Dft Calculations Bring Insight To Internal Alkyne-To-Vinylidene Transformations At Rhodium Pnp- And Ponop-Pincer Complexes

Density Functional Theory (DFT) has been used to investigate the alkyne-to-vinylidene isomerisation reaction mediated by [Rh(PXNXP)](+) complexes (X = CH2: 2,6-bis(di-tert-butylphosphinomethyl)pyridine (PNP) and X = O: 2,6-bis(di-tert-butylphosphinito)pyridine (PONOP)) for terminal alkynes HCCR, where R = Bu-t and Ar ' (3,5-(Bu2C6H3)-Bu-t). Calculations suggest the reaction mechanism proceeds via the slippage of pi-bound alkyne at the Rh centre into a Rh-alkyne sigma(C-H) complex followed by an indirect 1,2-H shift to give the Rh-vinylidene species.
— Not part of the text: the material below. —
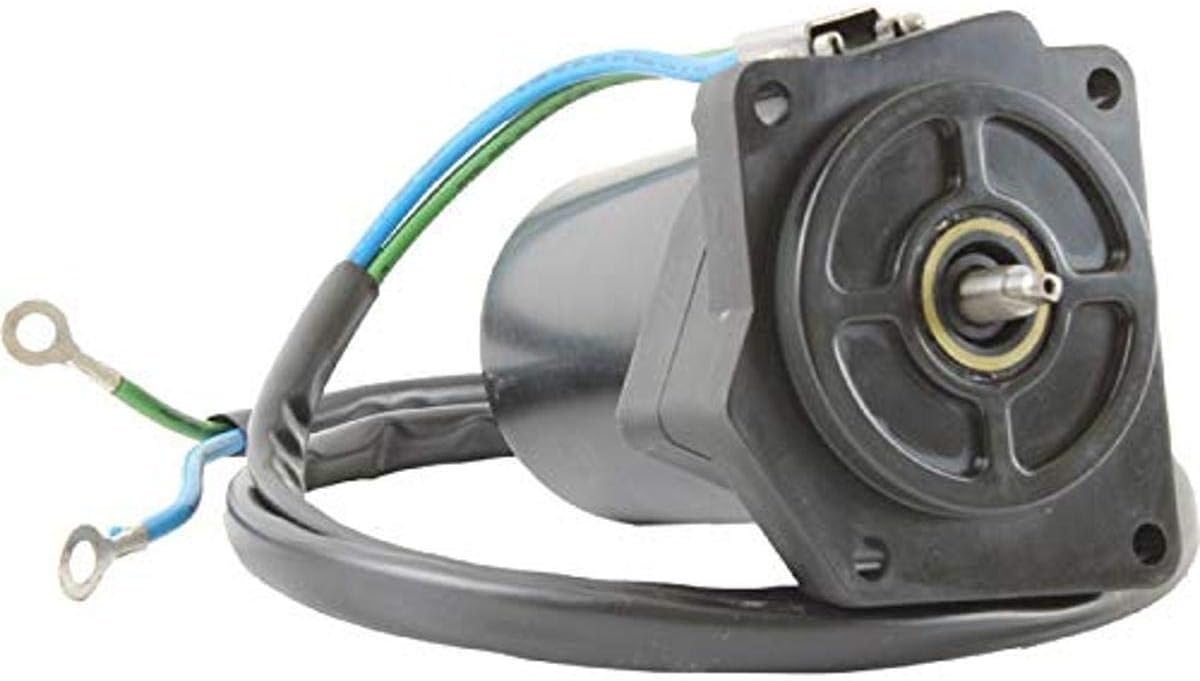 New DB Electrical TRM0092 Tilt & Trim Motor Compatible With/Replacement For Yamaha F75LA, F90JA, F90LA, F90XA 2013-2018, F75TLR, F90TJR, F90TLR, F90TXR 2005-2012 6D8-43880-00-00, 10886N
NBO (Natural Bond Orbital) analysis of the transition states corresponding to the latter indirect 1,2-H shift step indicates that the migrating hydrogen atom exhibits protic character and hence, the basicity of the H-accepting centre (C-beta) is controlled by the substituents at that same atom and can tune the 1,2-H shift transition state. QTAIM (Quantum Theory of Atoms in Molecule) and NBO analyses of the Rh-vinylidene complexes indicate that these species exhibit a Rh <- C dative bond as well as pi-back bonding from the Rh centre into the empty p(z) orbital of the carbene centre (C-alpha), showing the Rh-vinylidene complexes are Fischer type carbenes. Analysis of the alkyne and vinylidene complex HOMOs show that the equilibrium between the isomers can be tuned by the P-Rh-P bite angle of the [Rh(pincer)](+) fragment. Dictated by the nature of the pincer backbone, wider bite angles shift the equilibrium toward the formation of the Rh-vinylidene isomer (e.g., X = CH2 and R = Ar '), while tighter bite angles shift the equilibrium more to the formation of the Rh-alkyne isomer (e.g., X = O and R = Ar ').